▶ [Try it] A line below contains "TopQ Samsung A12", and a later one contains "SOUND BUTTONS FOR". Repeat both, with every line between them, exactly.

▶ [Provided records]
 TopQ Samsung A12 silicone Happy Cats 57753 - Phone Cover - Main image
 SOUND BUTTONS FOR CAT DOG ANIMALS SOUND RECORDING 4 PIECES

...

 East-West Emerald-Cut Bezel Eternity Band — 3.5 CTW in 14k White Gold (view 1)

▶ [Output for this exercise]
 TopQ Samsung A12 silicone Happy Cats 57753 - Phone Cover - Main image
 SOUND BUTTONS FOR CAT DOG ANIMALS SOUND RECORDING 4 PIECES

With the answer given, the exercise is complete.